SA: What do you hope to learn by painting portraits?

JC: Portrait painting is an opportunity for me to slow down and really investigate and engage with the person and their environment. I can get out of my head and my assumptions about who I’m painting and really get into the nuance of what makes that person who they are. It could be the subtlety of the way they hold their hands, or it could be the environment that I capture them in. It’s different than just taking a photograph.

SA: How do you think about color?

JC: My process begins with a tool called Color-aids, which are basically expensive paint chips. I use them to determine the colors in a painting. I throw hundreds of them on the floor, and I just begin to play. I pick up one color that captures the energy of the person I’m getting ready to paint. That first color goes on the background as a wash. It becomes a source of light for the painting. Once I’ve made that initial decision, I begin to pick out the rest of the colors. I put the Color-aids on the wall next to the canvas I’m working on, using them as a guide. It all comes together much more easily when I’ve prepared myself for the moments when real freedom can exist—when I’m actually painting.

Jordan Casteel, Lean, 2018. Oil on canvas. 72 x 56" / 182.88 x 142.24cm. Photo: Jason Wyche. ©Jordan Casteel/Courtesy of the artist and Casey Kaplan, New York.

What do you interpret about the figures in this portrait? Does it matter that you can’t see their faces?

SA: In a painting like Lean, above, which takes place on the New York City subway, why do you choose not to include the subjects’ faces?

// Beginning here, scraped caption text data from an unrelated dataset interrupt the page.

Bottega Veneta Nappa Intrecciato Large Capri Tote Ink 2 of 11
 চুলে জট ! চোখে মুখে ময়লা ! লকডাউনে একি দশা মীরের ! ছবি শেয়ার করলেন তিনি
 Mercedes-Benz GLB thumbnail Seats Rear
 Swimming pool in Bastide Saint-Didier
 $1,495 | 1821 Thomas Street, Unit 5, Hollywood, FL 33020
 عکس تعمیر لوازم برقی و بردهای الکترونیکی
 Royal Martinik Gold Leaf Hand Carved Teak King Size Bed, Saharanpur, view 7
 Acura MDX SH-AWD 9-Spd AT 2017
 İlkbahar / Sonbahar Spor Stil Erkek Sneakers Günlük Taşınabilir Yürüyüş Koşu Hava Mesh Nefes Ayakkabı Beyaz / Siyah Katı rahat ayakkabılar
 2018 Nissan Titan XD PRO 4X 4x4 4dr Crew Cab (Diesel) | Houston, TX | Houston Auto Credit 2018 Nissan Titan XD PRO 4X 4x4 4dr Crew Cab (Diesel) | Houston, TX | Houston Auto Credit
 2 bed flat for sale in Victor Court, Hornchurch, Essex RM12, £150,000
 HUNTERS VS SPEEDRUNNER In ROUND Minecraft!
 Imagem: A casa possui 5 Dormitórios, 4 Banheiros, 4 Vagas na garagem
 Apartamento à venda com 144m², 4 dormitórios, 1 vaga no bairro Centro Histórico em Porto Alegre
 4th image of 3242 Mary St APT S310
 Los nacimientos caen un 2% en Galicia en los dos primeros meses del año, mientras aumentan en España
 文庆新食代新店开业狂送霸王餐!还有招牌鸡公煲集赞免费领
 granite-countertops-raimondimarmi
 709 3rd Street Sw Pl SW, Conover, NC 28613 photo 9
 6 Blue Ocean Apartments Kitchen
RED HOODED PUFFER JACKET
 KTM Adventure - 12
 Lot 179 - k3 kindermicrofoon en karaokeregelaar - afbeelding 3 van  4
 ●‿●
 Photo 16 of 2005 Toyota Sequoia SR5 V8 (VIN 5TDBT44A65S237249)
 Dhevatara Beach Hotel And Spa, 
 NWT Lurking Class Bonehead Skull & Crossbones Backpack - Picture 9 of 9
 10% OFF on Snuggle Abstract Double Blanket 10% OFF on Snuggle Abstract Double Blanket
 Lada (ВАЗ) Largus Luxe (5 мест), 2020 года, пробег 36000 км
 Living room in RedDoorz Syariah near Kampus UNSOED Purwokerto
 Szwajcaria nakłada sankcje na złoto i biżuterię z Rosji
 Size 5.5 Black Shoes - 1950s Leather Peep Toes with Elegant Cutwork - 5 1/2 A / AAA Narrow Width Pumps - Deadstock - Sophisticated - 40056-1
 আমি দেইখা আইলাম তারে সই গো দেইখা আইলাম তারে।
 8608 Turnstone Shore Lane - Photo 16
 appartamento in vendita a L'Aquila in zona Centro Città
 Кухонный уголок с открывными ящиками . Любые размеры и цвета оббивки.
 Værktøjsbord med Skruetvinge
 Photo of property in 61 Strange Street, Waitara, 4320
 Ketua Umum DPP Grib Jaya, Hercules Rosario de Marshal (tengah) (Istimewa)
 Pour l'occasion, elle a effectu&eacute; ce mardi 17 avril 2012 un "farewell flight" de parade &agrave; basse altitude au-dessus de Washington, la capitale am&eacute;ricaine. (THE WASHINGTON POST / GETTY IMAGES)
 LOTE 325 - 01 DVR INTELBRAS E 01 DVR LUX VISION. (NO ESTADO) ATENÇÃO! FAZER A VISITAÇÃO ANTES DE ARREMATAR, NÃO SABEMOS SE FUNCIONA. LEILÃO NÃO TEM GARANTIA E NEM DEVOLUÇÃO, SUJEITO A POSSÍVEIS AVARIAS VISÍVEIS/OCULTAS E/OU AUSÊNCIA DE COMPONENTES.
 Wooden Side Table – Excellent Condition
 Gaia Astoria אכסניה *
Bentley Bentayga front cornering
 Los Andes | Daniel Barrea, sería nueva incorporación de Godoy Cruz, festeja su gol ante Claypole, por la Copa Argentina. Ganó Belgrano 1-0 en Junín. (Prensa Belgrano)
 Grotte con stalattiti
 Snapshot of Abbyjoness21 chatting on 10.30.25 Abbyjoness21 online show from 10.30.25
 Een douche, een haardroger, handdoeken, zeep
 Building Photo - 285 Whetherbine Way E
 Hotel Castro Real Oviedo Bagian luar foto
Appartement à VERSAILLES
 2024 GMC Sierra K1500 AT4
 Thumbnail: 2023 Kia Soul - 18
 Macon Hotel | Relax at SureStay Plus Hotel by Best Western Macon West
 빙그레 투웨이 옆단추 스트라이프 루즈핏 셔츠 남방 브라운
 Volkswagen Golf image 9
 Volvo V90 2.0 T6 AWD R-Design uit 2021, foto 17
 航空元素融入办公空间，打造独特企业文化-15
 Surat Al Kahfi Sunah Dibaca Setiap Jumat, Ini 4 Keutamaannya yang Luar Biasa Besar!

JC: It is the only circumstance in my practice where the gaze is not direct, because I am not directly engaging with them. I use my cell phone to capture a moment when someone has captured my attention. It’s about seeing and being seen. The engagement is just different than in my big portraits, where they’re all people I know and have asked to participate in the process. [In the subway paintings,] I’m interested in color, composition, and the subtlety of how people carry themselves.

Jordan Casteel, Yvonne and James II, 2021. Oil on canvas. 90 x 78" / 228.6 x 198.12cm. Photo: Jason Wyche. ©Jordan Casteel/Courtesy of the artist and Casey Kaplan, New York.

What narrative do you think Casteel presents in this painting? What clues does she offer?

SA: What advice do you have for aspiring young artists?

JS: Always apply for everything. Even a rejection brings you one step closer to your goal. The number of times that I thought I wasn’t good enough and didn’t throw my hat in the ring for opportunities is something that I deeply regret. The times that changed my life or got me closer to my dreams have been when I took a leap of faith and had to trust that either something would rise up to meet me or that I would learn to fly.